Viking, which will begin offering U.S. river and Great Lakes cruises next year, has not resumed cruises but does plan to launch U.K.-based cruises in May.

Meanwhile, major cruise lines are ramping up, including the first major cruise line sailings in the Caribbean since last year’s debacle on SeaDream 1. Celebrity Cruises’ Celebrity Millennium will homeport in St. Maarten beginning June 5. Seven-night itineraries onboard the ship will start on June 25.  Royal Caribbean, which already has sailings out of Singapore, will restart service in the Caribbean with Nassau-based itineraries launching on June 12. Crystal Cruises will also have Bahamas-based cruises beginning in July. Royal Caribbean also will be sailing out of Burmuda starting in June.

"We are thankful to the government and people of Bermuda for welcoming us to their beautiful island nation with open arms as Vision of the Seas' new homeport. This is another step in our safe and measured return to sailing beginning in June," said Michael Bayley, president and CEO of Royal Caribbean International.

The move by Royal Caribbean, Crystal and Celebrity to forgo U.S.-based ports, for the time being, isn’t surprising considering stringent guidelines laid out by the CDC before any approved relaunch. American-based cruise lines, like American Cruises and American Queen Steamboat, have smaller boutique-style ships that allow for much easier implementation of the protocols. The larger cruise lines rely on international labor and foreign registration of the vessels.

This has become a major issue over the past year, with politicians pointing to the lack of U.S. taxes and onboard employment as a reason to give cruise lines less support than other travel-related industries received. It also meant many cruise industry-reliant communities, such as those in Alaska, were left with a second season of few cruises due to Canada’s continued closure of its ports. Talk of a compromise to ensure Alaska’s season is salvaged is ongoing, but there’s little indication that Canada is interested in working with the cruise lines.

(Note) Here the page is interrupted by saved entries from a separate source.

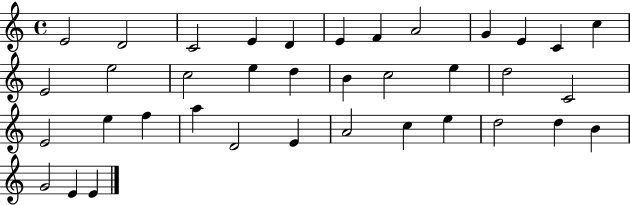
X:1
T:Untitled
M:4/4
L:1/4
K:C
E2 D2 C2 E D E F A2 G E C c E2 e2 c2 e d B c2 e d2 C2 E2 e f a D2 E A2 c e d2 d B G2 E E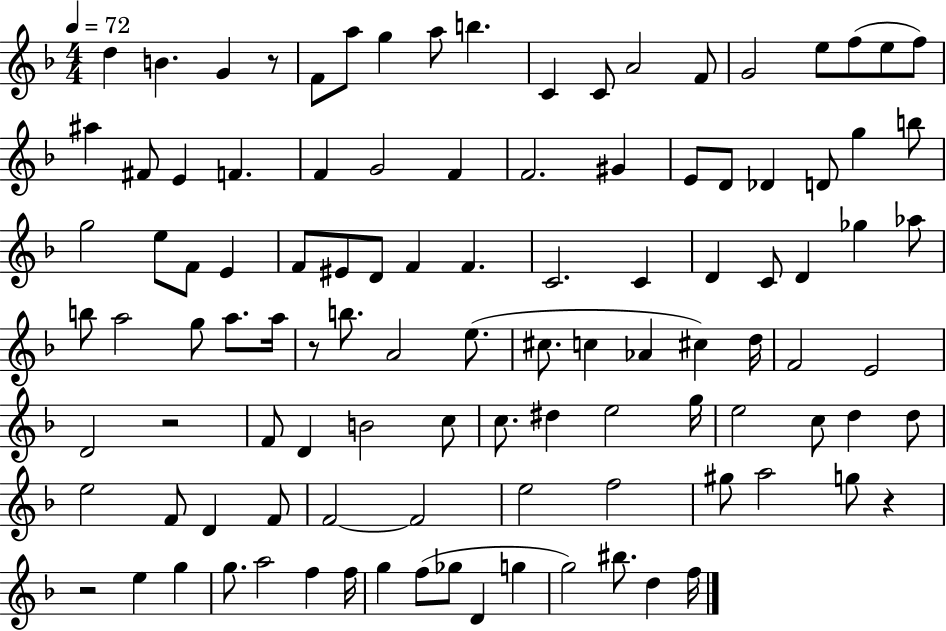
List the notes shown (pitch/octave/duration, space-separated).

D5/q B4/q. G4/q R/e F4/e A5/e G5/q A5/e B5/q. C4/q C4/e A4/h F4/e G4/h E5/e F5/e E5/e F5/e A#5/q F#4/e E4/q F4/q. F4/q G4/h F4/q F4/h. G#4/q E4/e D4/e Db4/q D4/e G5/q B5/e G5/h E5/e F4/e E4/q F4/e EIS4/e D4/e F4/q F4/q. C4/h. C4/q D4/q C4/e D4/q Gb5/q Ab5/e B5/e A5/h G5/e A5/e. A5/s R/e B5/e. A4/h E5/e. C#5/e. C5/q Ab4/q C#5/q D5/s F4/h E4/h D4/h R/h F4/e D4/q B4/h C5/e C5/e. D#5/q E5/h G5/s E5/h C5/e D5/q D5/e E5/h F4/e D4/q F4/e F4/h F4/h E5/h F5/h G#5/e A5/h G5/e R/q R/h E5/q G5/q G5/e. A5/h F5/q F5/s G5/q F5/e Gb5/e D4/q G5/q G5/h BIS5/e. D5/q F5/s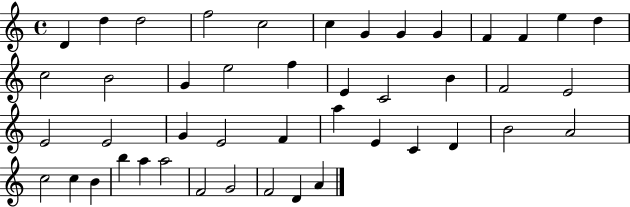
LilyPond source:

{
  \clef treble
  \time 4/4
  \defaultTimeSignature
  \key c \major
  d'4 d''4 d''2 | f''2 c''2 | c''4 g'4 g'4 g'4 | f'4 f'4 e''4 d''4 | \break c''2 b'2 | g'4 e''2 f''4 | e'4 c'2 b'4 | f'2 e'2 | \break e'2 e'2 | g'4 e'2 f'4 | a''4 e'4 c'4 d'4 | b'2 a'2 | \break c''2 c''4 b'4 | b''4 a''4 a''2 | f'2 g'2 | f'2 d'4 a'4 | \break \bar "|."
}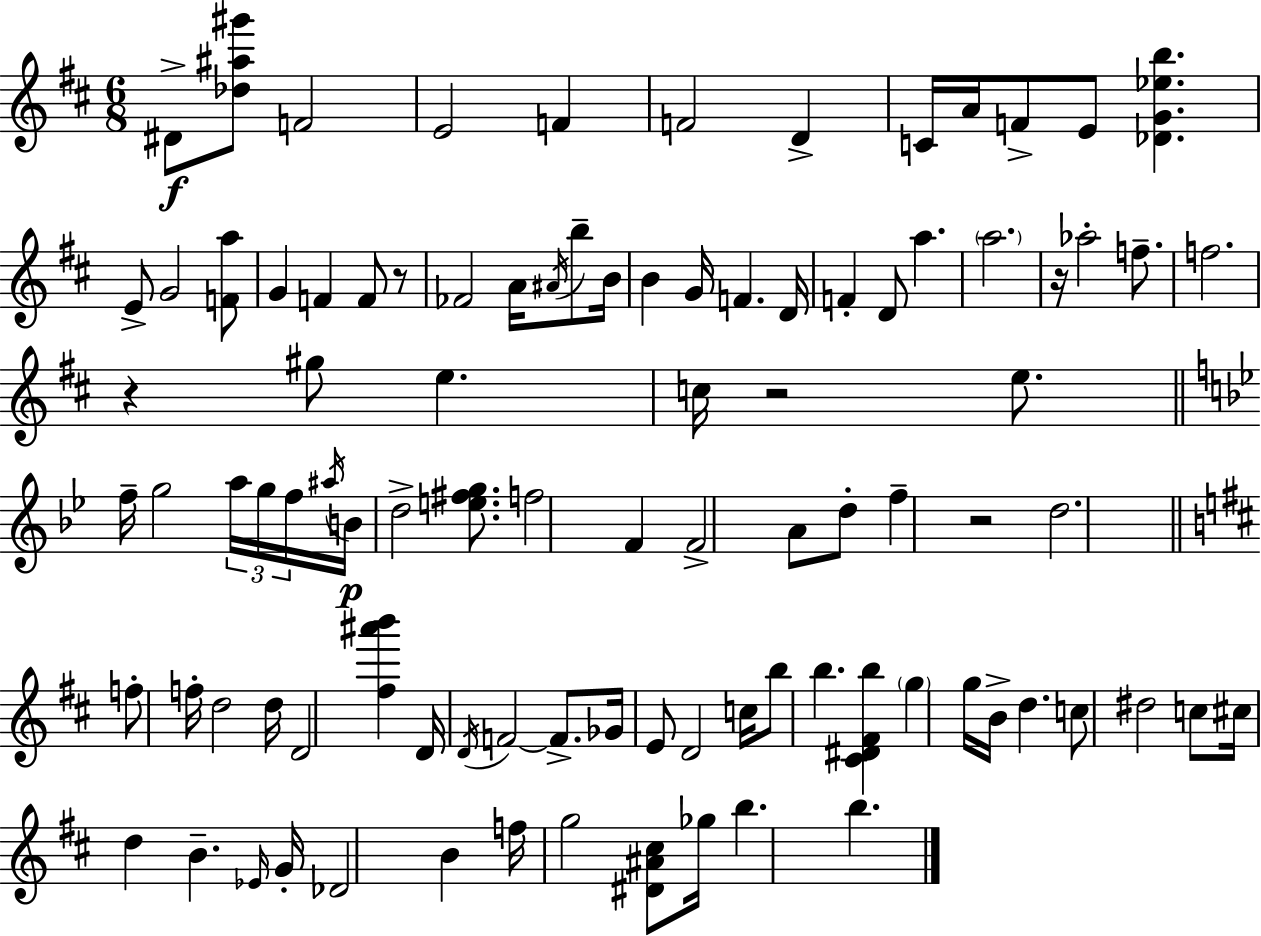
X:1
T:Untitled
M:6/8
L:1/4
K:D
^D/2 [_d^a^g']/2 F2 E2 F F2 D C/4 A/4 F/2 E/2 [_DG_eb] E/2 G2 [Fa]/2 G F F/2 z/2 _F2 A/4 ^A/4 b/2 B/4 B G/4 F D/4 F D/2 a a2 z/4 _a2 f/2 f2 z ^g/2 e c/4 z2 e/2 f/4 g2 a/4 g/4 f/4 ^a/4 B/4 d2 [e^fg]/2 f2 F F2 A/2 d/2 f z2 d2 f/2 f/4 d2 d/4 D2 [^f^a'b'] D/4 D/4 F2 F/2 _G/4 E/2 D2 c/4 b/2 b [^C^D^Fb] g g/4 B/4 d c/2 ^d2 c/2 ^c/4 d B _E/4 G/4 _D2 B f/4 g2 [^D^A^c]/2 _g/4 b b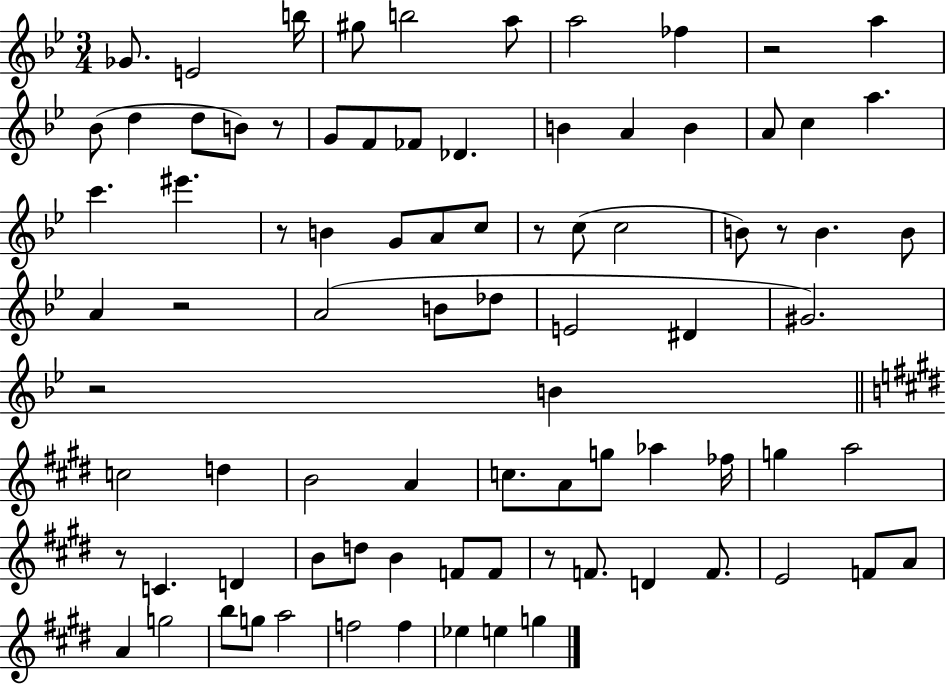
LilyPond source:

{
  \clef treble
  \numericTimeSignature
  \time 3/4
  \key bes \major
  ges'8. e'2 b''16 | gis''8 b''2 a''8 | a''2 fes''4 | r2 a''4 | \break bes'8( d''4 d''8 b'8) r8 | g'8 f'8 fes'8 des'4. | b'4 a'4 b'4 | a'8 c''4 a''4. | \break c'''4. eis'''4. | r8 b'4 g'8 a'8 c''8 | r8 c''8( c''2 | b'8) r8 b'4. b'8 | \break a'4 r2 | a'2( b'8 des''8 | e'2 dis'4 | gis'2.) | \break r2 b'4 | \bar "||" \break \key e \major c''2 d''4 | b'2 a'4 | c''8. a'8 g''8 aes''4 fes''16 | g''4 a''2 | \break r8 c'4. d'4 | b'8 d''8 b'4 f'8 f'8 | r8 f'8. d'4 f'8. | e'2 f'8 a'8 | \break a'4 g''2 | b''8 g''8 a''2 | f''2 f''4 | ees''4 e''4 g''4 | \break \bar "|."
}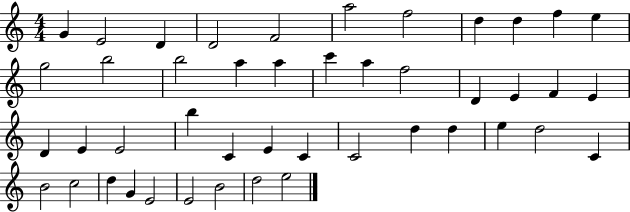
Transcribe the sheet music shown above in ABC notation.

X:1
T:Untitled
M:4/4
L:1/4
K:C
G E2 D D2 F2 a2 f2 d d f e g2 b2 b2 a a c' a f2 D E F E D E E2 b C E C C2 d d e d2 C B2 c2 d G E2 E2 B2 d2 e2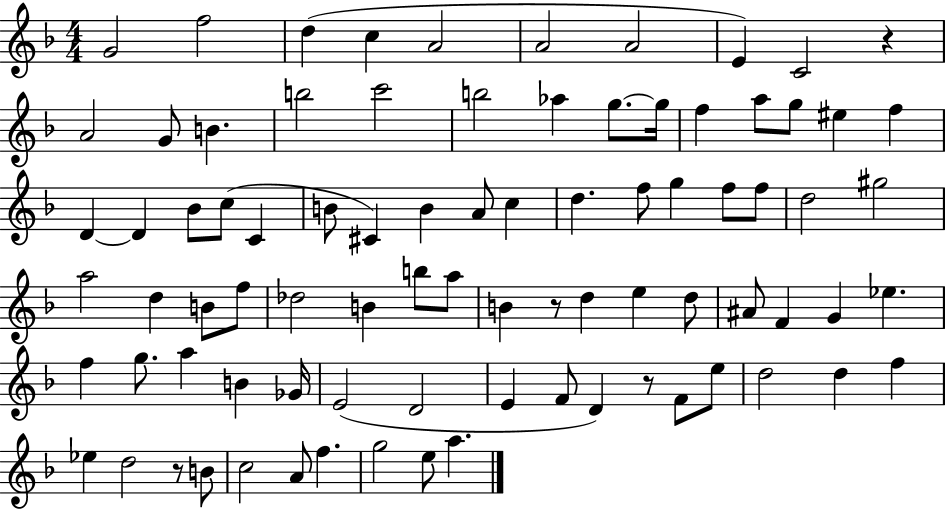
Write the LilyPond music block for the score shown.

{
  \clef treble
  \numericTimeSignature
  \time 4/4
  \key f \major
  \repeat volta 2 { g'2 f''2 | d''4( c''4 a'2 | a'2 a'2 | e'4) c'2 r4 | \break a'2 g'8 b'4. | b''2 c'''2 | b''2 aes''4 g''8.~~ g''16 | f''4 a''8 g''8 eis''4 f''4 | \break d'4~~ d'4 bes'8 c''8( c'4 | b'8 cis'4) b'4 a'8 c''4 | d''4. f''8 g''4 f''8 f''8 | d''2 gis''2 | \break a''2 d''4 b'8 f''8 | des''2 b'4 b''8 a''8 | b'4 r8 d''4 e''4 d''8 | ais'8 f'4 g'4 ees''4. | \break f''4 g''8. a''4 b'4 ges'16 | e'2( d'2 | e'4 f'8 d'4) r8 f'8 e''8 | d''2 d''4 f''4 | \break ees''4 d''2 r8 b'8 | c''2 a'8 f''4. | g''2 e''8 a''4. | } \bar "|."
}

Across the Atlantic, cruisers are preparing to board the first U.K.-based cruises in months with Viking, Cunard, P&O and Fred. Olsen are all scheduled to restart U.K.-based cruises this summer.

Royal Caribbean’s Odyssey of the Seas inaugural cruise will take place in May and sail from Israel, where vaccination rates are among the highest in the world. Royal Caribbean will require proof of vaccination for all passengers 18 years old and over, with those under 18 needing a negative result on a recent PCR test. For Israeli sailings, vaccines are required for all passengers over 16 years old.

Virgin Voyages, which was set to debut in April of last year, will see its inaugural cruise on the Scarlet Lady in July out of Miami. Like Royal Caribbean, Virgin, which doesn’t allow children under 18 years old onboard, will require all passengers and crew to provide proof they were vaccinated before departure.

  • Image via Virgin Voyages
Celebrity, P&O, Princess, Crystal, American Queen Steamboat and Saga will also require guests to provide evidence of receiving the COVID-19 vaccine.

Each cruise line has slightly different rules for those under 18, so it’s advised to check with the individual cruise line for specifics on the requirements.

The hospitality sector has leaned heavily on hopes that a quick and successful vaccine rollout will provide a much-needed boost to the industry. Reservations and polls indicate a strong second half of the year for the industry as people plan fall or holiday trips. Cruise lines are also reporting high demand for 2022 sailings.

While the pandemic is still far from over, with vaccines ramping up, cruise lines, like other travel industry segments, are now finally able to plan for a post-pandemic world.